C'est dans ce décor que vont intervenir une grande variété de personnages. Une compagnie de neuf héros, la "Communauté de l'Anneau", mais aussi de puissants magiciens, des rois ombrageux, un Seigneur des Ténèbres et ses sinistres serviteurs... Tous ou presque sont extrêmement vivants et riches, d'une part parce qu'ils évoluent et se positionnent dans le décor déjà exposé et son lot de races, royaumes et intrigues de pouvoir, d'autre part parce qu'ils sont campés par des acteurs talentueux et surtout bien choisis. Il faut pardonner à Orlando Bloom la vacuité de son regard et se concentrer sur sa grâce elfique. Viggo Mortensen, Sir Christopher Lee, Ian McKellen, prennent entière possession de leur personnage et imposent leur présence à l'écran avec une force remarquable. Les hobbits, eux, respirent l'authenticité (et l'herbe à pipe). Même les acteurs secondaires, je pense aux personnages d'Eomer et Eowyn, à Galadriel, à Denethor et Faramir, à Gryma, sont exceptionnels. Enfin mention spéciale au génial Andy Serkis, qui commence avec ce film une longue série de rôles invisibles en la personne de Gollum.
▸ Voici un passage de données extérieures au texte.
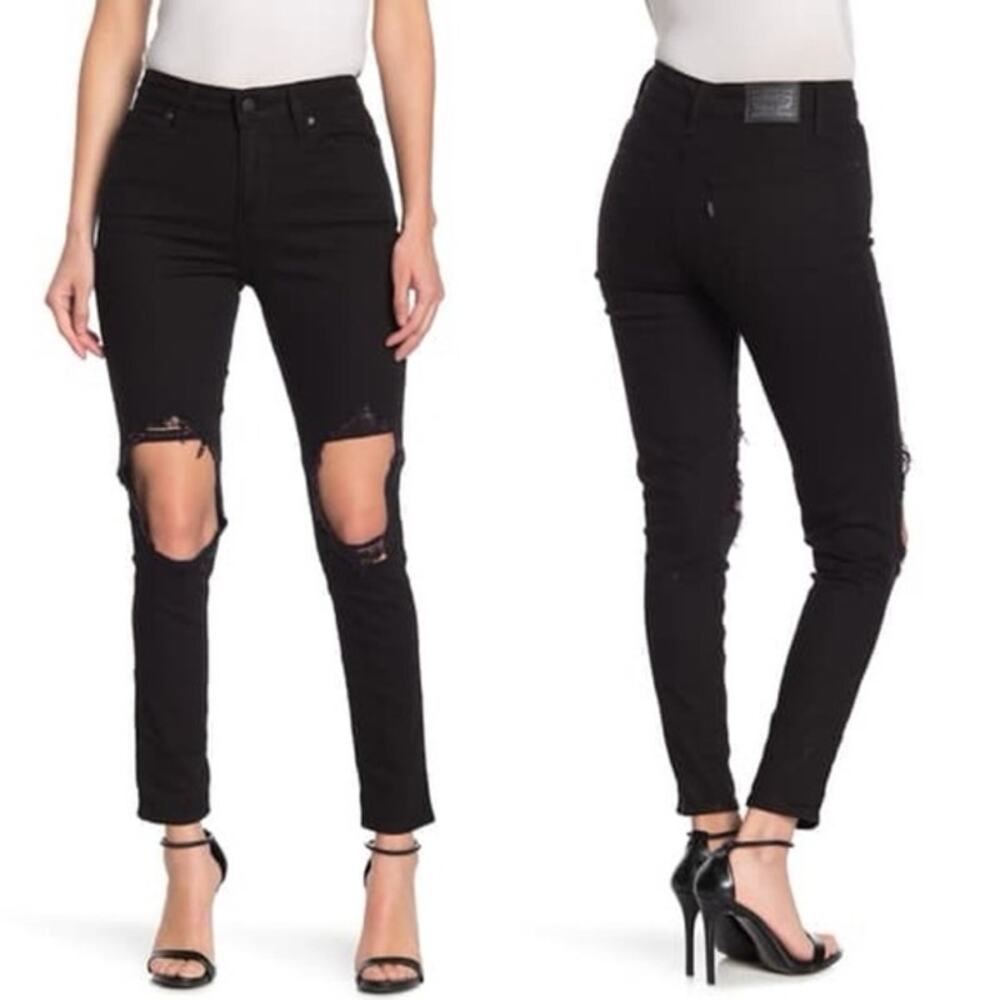 Levi's 721 High Rise Ripped Knee Skinny Jeans size 30 Black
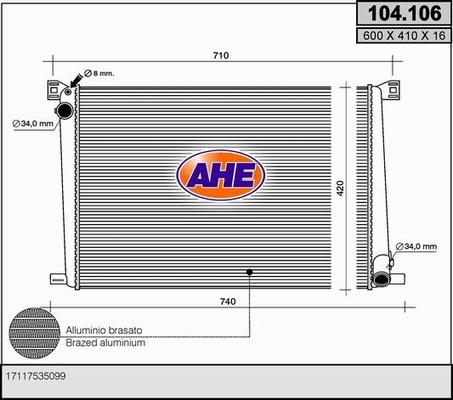 AHE 104.106 - Радиатор, охлаждение двигателя autodif.ru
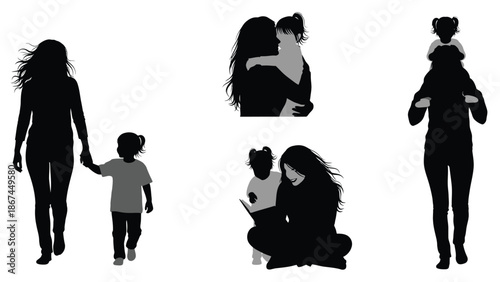 Silhouette illustrations of mothers and children in various tender moments and activities on white background with mother and child and family love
Les effets spéciaux, révolutionnaires pour l’époque, sont dans l'ensemble réussis et n'ont pas vraiment vieilli en presque 15 ans. Un coup d’œil aux bonus vous convaincra de l'extraordinaire ingéniosité qui a été déployée. La mise en scène, elle, est souvent très intelligente sans être particulièrement originale. Le montage est plutôt parfait : chaque scène dure exactement ce qu'il faut, chaque image a sa place.


Mais ce qui sublime vraiment le film, c'est la bande-son, composées par Howard Shore et interprétées par le London Philharmonic Orchestra.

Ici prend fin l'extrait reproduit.